2 Mayıs 2011 Pazartesi

Özkaynak Geleceğimizdir (vol. bilmemkaç)


Maça dair kısa özet geçeyim. Volkan Ekici'yi özellikle çok beğendim. Onun dışında oyunda kaldığı sürece Doğukan da iyidi. Kaptan Oğuz Ceylan, sağda solda "abi sağ bek transfer etmeyelim, Oğuz'u kazanalım" diye ağlamamı boşa çıkartmadı. 93'lü ekipten Ömer Faruk da umut verdi. İyi yıprattı rakip defansı. Bir de golü var. Galatasaray'a karşı 3-1 kazandık.

Sahadaki 11 güzel çocuğun hakkını teslim edecek kadar değerlendirme yapamayacağım. Cartalete yapacaktır zaten, işin usta eli orada. Benim gözümde hepsi dünyanın en yetenekli oyuncuları. Hatalarını görmem pek mümkün değil. Ama o hayaller uzun sürmüyor işte. Daha maçın devre arasındayken haberlere bakıyorsun, Egemen Beşiktaş ile anlaştı diyorlar.

Doğru-Yanlış haber; o değil. Önemli olan zihniyetin o olması. A2'nin kaptanı Oğuz Ceylan'ı görüyorsun. Takımı sahipleniyor. İyi de oynuyor. Hakkını veriyor bandın da, formanın da. Sonra eve geliyorsun; Guti gidecek, gitmek istedi, gitti vs. Guti kim? Beşiktaş'ın son kaptanı. Haşa, reyiz mertebesine koyduğumuz adamı bir günde aşağı indirmiyoruz. Ama o bant Guti'de değil de, yıllardır bu formayı giymiş, altyapıdan gelme bir oyuncumuzda da olabilirdi diyorsun.

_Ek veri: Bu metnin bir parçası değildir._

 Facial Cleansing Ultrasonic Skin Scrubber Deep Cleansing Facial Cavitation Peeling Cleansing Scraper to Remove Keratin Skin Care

Sen kafanda Ömer Faruk'u yedek forvet olarak görüyorsun mesela. Eve gelince açıyorsun taraftar forumlarını; Forlan gelsin. Sağ beke Oğuz Ceylan'ı monte ediyorsun, bakıyorsun bizimkiler Bosingwa peşinde.

Furkan'ı, Sezer'i, Erkan'ı, Cumali'yi, Doğukan'ı, Ali'yi... Hayallerini o yönde kuruyorsun. Evet, bu çocuklar dışarıdan gelmesi muhtemel yıldız manyaklığı transferi çapında yetenekler değiller belki. Bazıları daha çok acemi, bazıları ise alt kademe milli takımlarda dahi pişmiş. En önemlisi buranın suyundan beslenmiş çocuklar. Elbet hepsi on numara olmayacak. Batuhanları da çıkardı o yapı. Ama kimse bu çocukların üzerine düşüldüğünü, hakettileri değerin verildiğini de söyleyemez bana.

Derdim transfer yapılmasında değil. Quaresma'yı, Simao'yu bayıla bayıla izlemiyor muyuz? Gerektiği kadar, hatta gereğinden fazla değeri vermiyor muyuz? Veriyoruz, veririz de. Ama onların yanına bu çocuklar gelsin artık. Ben Erhan Güven'in, Ekrem'in, Aurelio'nun ve hatta Toraman'ın hatalarından kaybetmek istemiyorum artık. Benim takımımda hata yapacaksa, benim evlatlarım; Beşiktaş'ın "gerçekten" çocuğu sıfatındaki adamlar yapsın.

Klasik altyapı maçı sonrası duygusal coşmalarım aslında bunlar. Fazla sallamasanız da olur, ama inanıyorum ki gerçek Beşiktaş bu çocuklar olmadan O-LA-MAZ.